Nothing
#' Semiparametric score function for distance-based kernel and continuous outcome.
#'
#' Description of the semiparametric score function for distance-based kernel function and continuous outcome.
#'
#' This is the main function that calculates the p-value associated with a semiparametric kernel test
#' of association between the kernel and continuous outcome variable. A null model (where the kernel is not
#' associated with the outcome) is initially fit. Then, the variance of
#' \eqn{Y_{i}|X_{i}}{Y_i | X_i} is used as the basis for the
#' score test,
#' \deqn{S\left(\rho\right) = \frac{Q_{\tau}\left(\hat{\beta_0},\rho\right)-\mu_Q}{\sigma_Q}.}{S(rho) = (Q_tau(beta_0, rho)-mu_Q) / (sigma_Q).}
#' However,
#' because \eqn{\rho}{rho} disappears under the null hypothesis, we run a grid search over a range of values of \eqn{\rho}{rho} (the bounds
#' of which were derived by Liu et al. in 2008). This grid search gets the upper bound for the score test's p-value.
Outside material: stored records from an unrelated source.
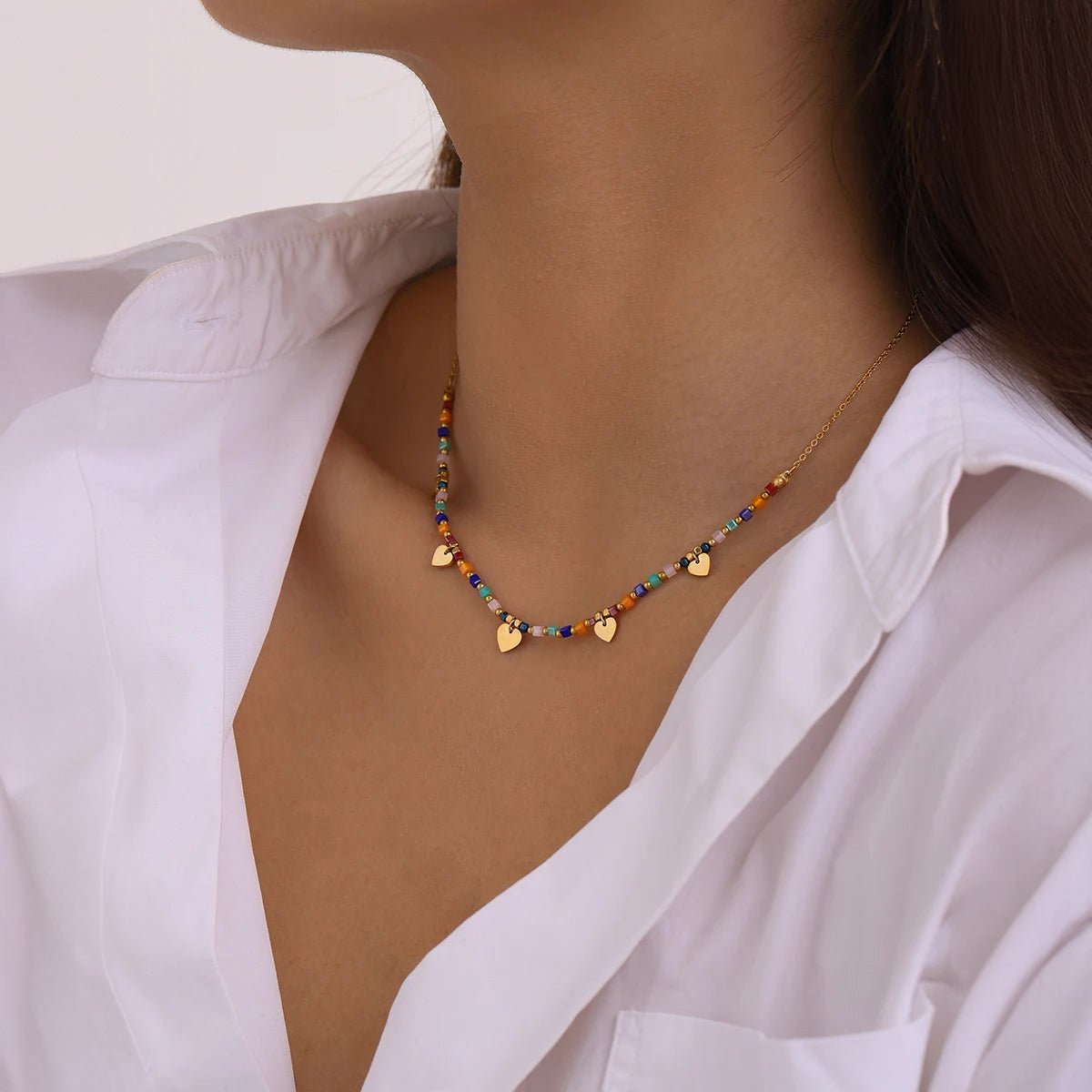 18k Boho Inspired Colorful Heart Necklace - Veinci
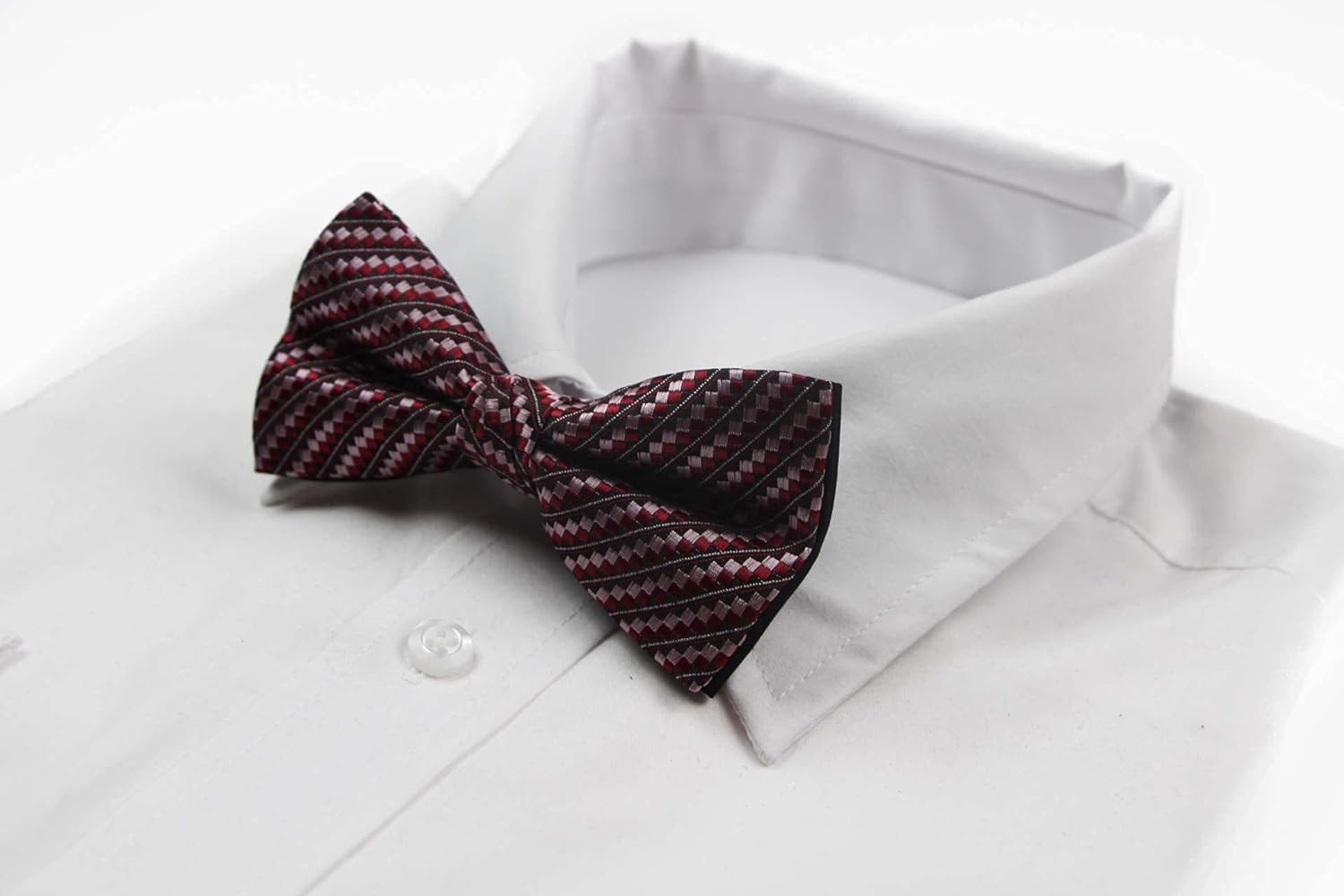 Mens Black, Red & Pink Patterned Bow Tie Black, Red, Pink image number 3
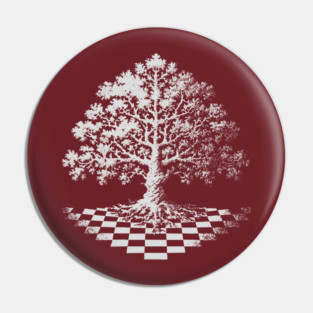 Tree of Life Emerging from Checkerboard Pattern Pin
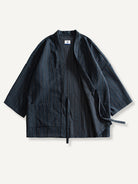 OROMEN tie-front haori cardigan with one side open, front view
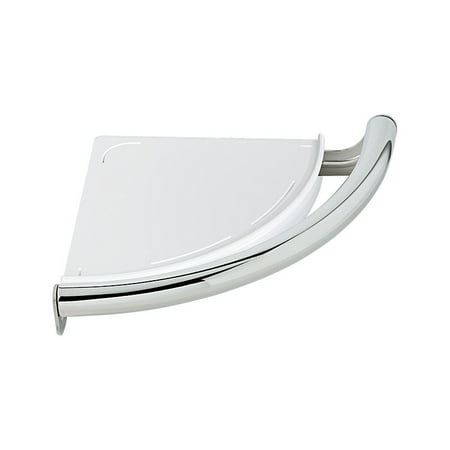Delta Corner 9.13"W x 10.26"D Wall Shelf With Assist Bar, Chrome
#' This function is tailored for the underlying model
#' \deqn{y_{i} = x_{i}^{T}\beta + h\left(z_{i}\right) + e_{i},}{y_i = x_i^T beta + h(z_i) + e_i,}
#' where \eqn{h\left(\cdot\right)}{h(.)} is
#' the kernel function, \eqn{z_{i}}{z_i} is a multidimensional array of variables, \eqn{x_{i}}{x_i} is a vector or matrix of covariates, \eqn{\beta}{beta} is a vector
#' of regression coefficients, and \eqn{y_{i}}{y_i} is a continuous outcome taking values in the real numbers.
#'
#' @param outcome a numeric vector containing the continuous outcome variable (in the same ID order as dist_mat)
#' @param covars a data frame containing the covariates to be modeled parametrically (should NOT include an ID variable)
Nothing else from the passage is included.